Due to our stock price and recent trading volumes in our stock it is
unlikely that we will be able to access significant amounts of cash under this
arrangement until, in addition to meeting the other conditions set forth in the
agreement, we obtain stockholder approval of the arrangement, which we intend to
seek at our next annual meeting of stockholders. Assuming we obtain such
approval, our ability to obtain a significant amount of cash under such
arrangement will likely remain constrained because of the low level of trading
volume in our stock.
At the present time there is no cash available to us under any of our
arrangements with King William LLC.
Accounts Payable
Accounts payable at September 30, 2000 totaled $3,126,509 as compared
to $2,839,727 at June 30, 2000. Our business operations are dependent on the
ongoing willingness of our suppliers and service providers to extend their
payment terms until we resolve our current liquidity problems. Recently, a
number of suppliers and service providers have begun to require payment in
advance or on delivery and the Company did not meet payroll with respect to a
portion of its employees in one of its business units. No assurance can be made
that our suppliers will continue to extend their payment terms or that they will
continue to supply us with the materials and services required to operate the
business or on terms that are acceptable to us or that we will resolve our
current liquidity problems. Any interruption in our business operations or the
imposition of more restrictive payment terms for payments to additional
suppliers and service providers would have a further negative impact on our
liquidity.
Deferred Revenue
Deferred revenue at September 30, 2000 totaled $18,718,279 as compared
to $15,967,152 at June 30, 2000. The deferred revenue will be recognized as the
services are rendered or when the time period in which customers have the right
to receive the services expires. The increase from the prior fiscal year end is
the result of increased revenue at our Internet training workshops.

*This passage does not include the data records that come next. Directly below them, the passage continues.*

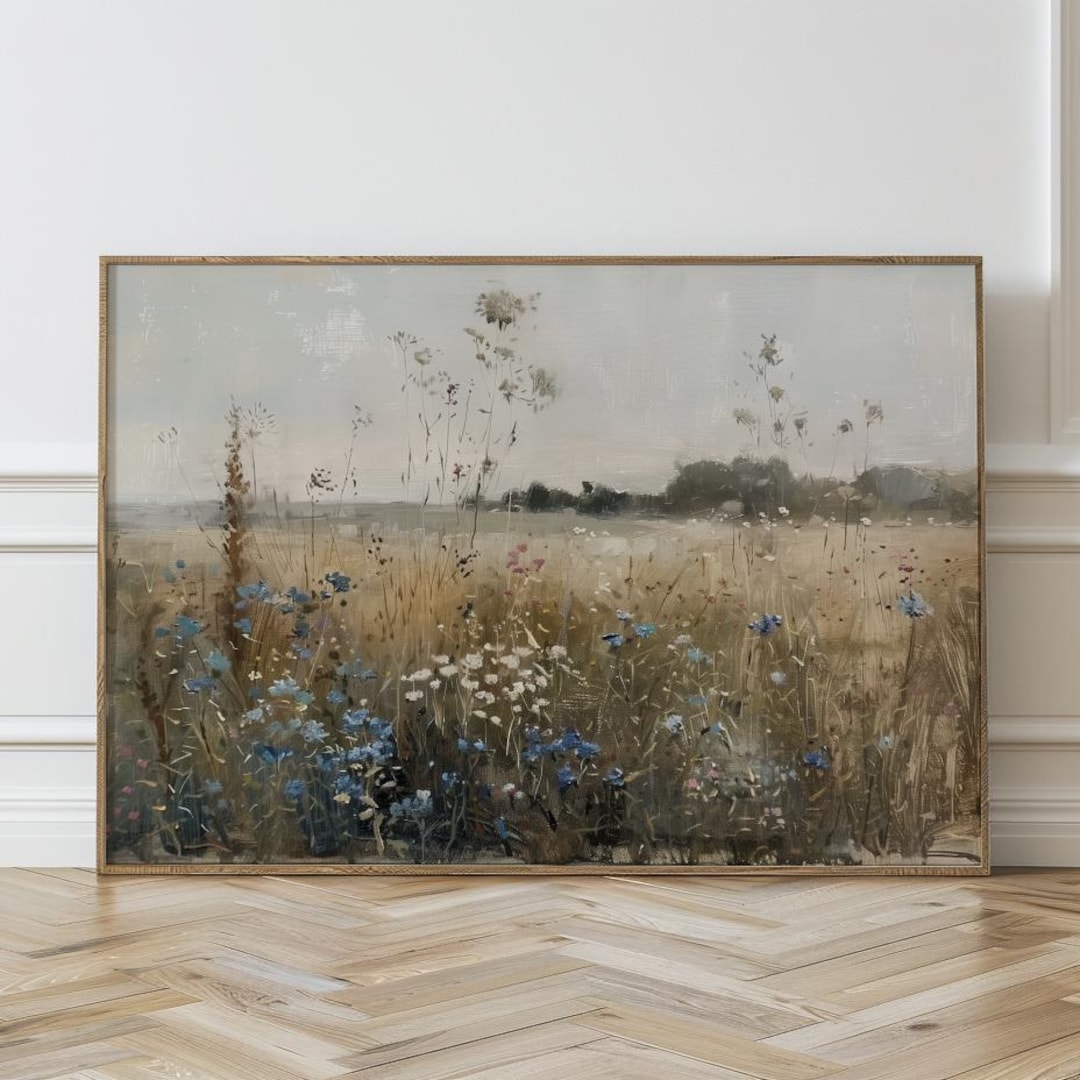 Wildflower Field Landscape Oil Painting, Vintage Landscape Print ...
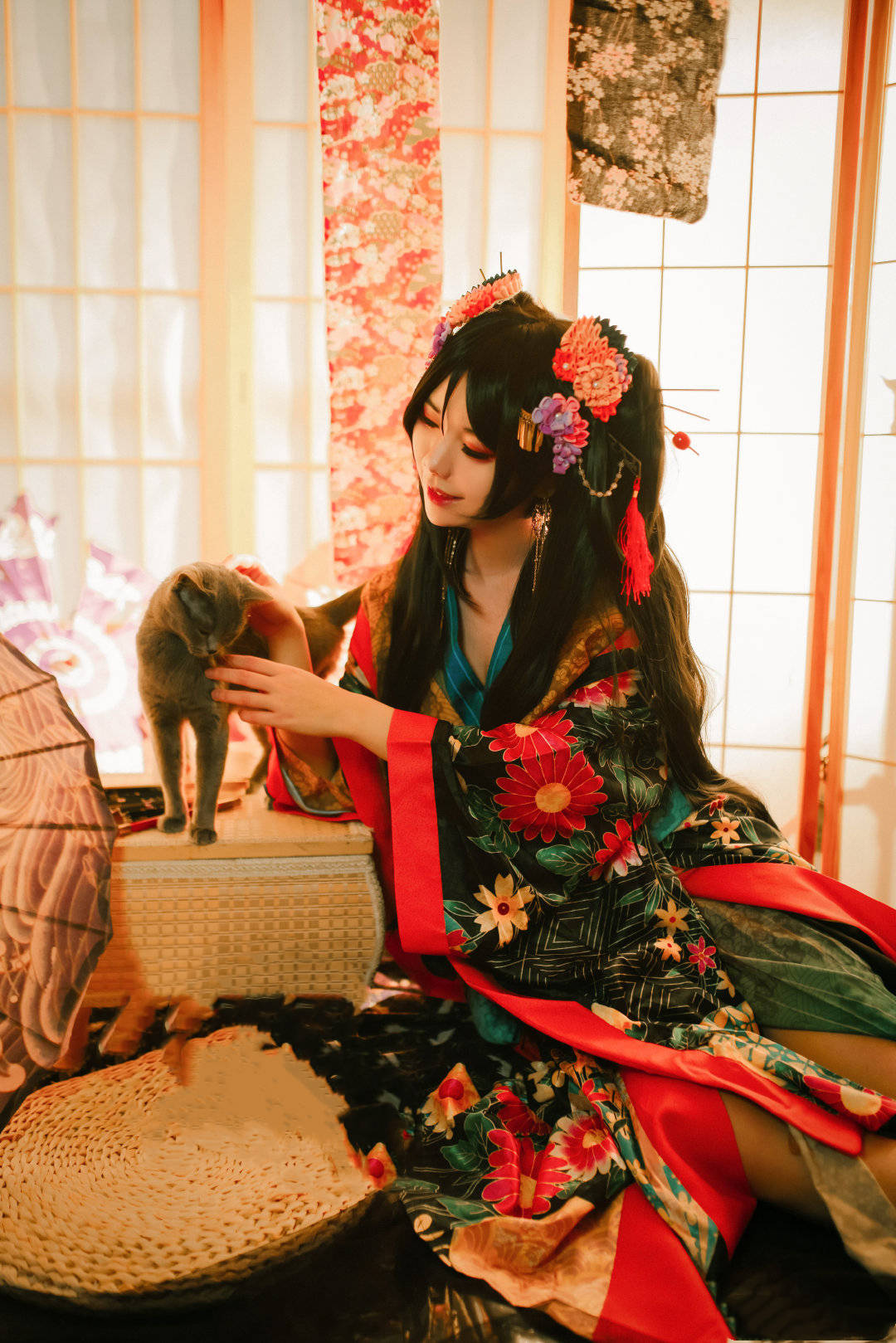 日本花魁孙尚香cos,水友:猫猫是无辜的,冲我来
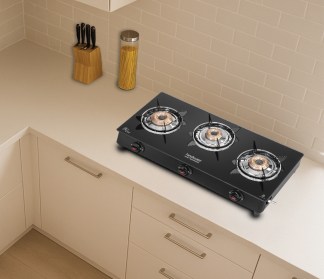 Hindware Benecio Plus 3 Burner Glass Top Gas Stove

We have changed the business model for our Galaxy Mall Internet
workshop training business and now, effective October 1, 2000, the product
delivered at the Internet training workshop is a "Complete Store-Building
Packet" which contains a CD- ROM that includes the necessary computer software
and instructions to allow the customer to construct its storefront without any
additional services being supplied by us. If additional assistance is required,
we will provide it for a fee and charge the customer after the services are
rendered. The customer may host the storefront with us, or any other provider of
Internet hosting services. Should the customer elect to prepay the Company for
hosting, the revenue will be recognized as the service is rendered.
Under this new model, we now recognize most of the revenue generated at
our Internet workshops at the time of sale. Revenues and earnings are
anticipated to be enhanced in future periods since the amount of revenue
deferred from each Internet workshop sale will be greatly reduced and the
revenue from prior period sales will continue to be recognized during this and
future periods over the next seven quarters.
Stockholders' Deficit
Total Stockholders' Deficit decreased to a deficit of $15,893,563
during the current fiscal quarter from a deficit of $10,776,300 at June 30,
2000. This was mainly the result of the Net Loss for the quarter. (See the
Statement of Stockholders' Deficit in the financial statements.)
Financing Arrangements.
We accept payment for the sales made at our Galaxy Mall Internet
training workshops by cash, credit card, installment contract or a third party
leasing option. As part of our cash flow management and in order to generate
liquidity, we have sold on a discounted basis a portion of the installment
contracts generated by our Galaxy Mall subsidiary to a third party for cash.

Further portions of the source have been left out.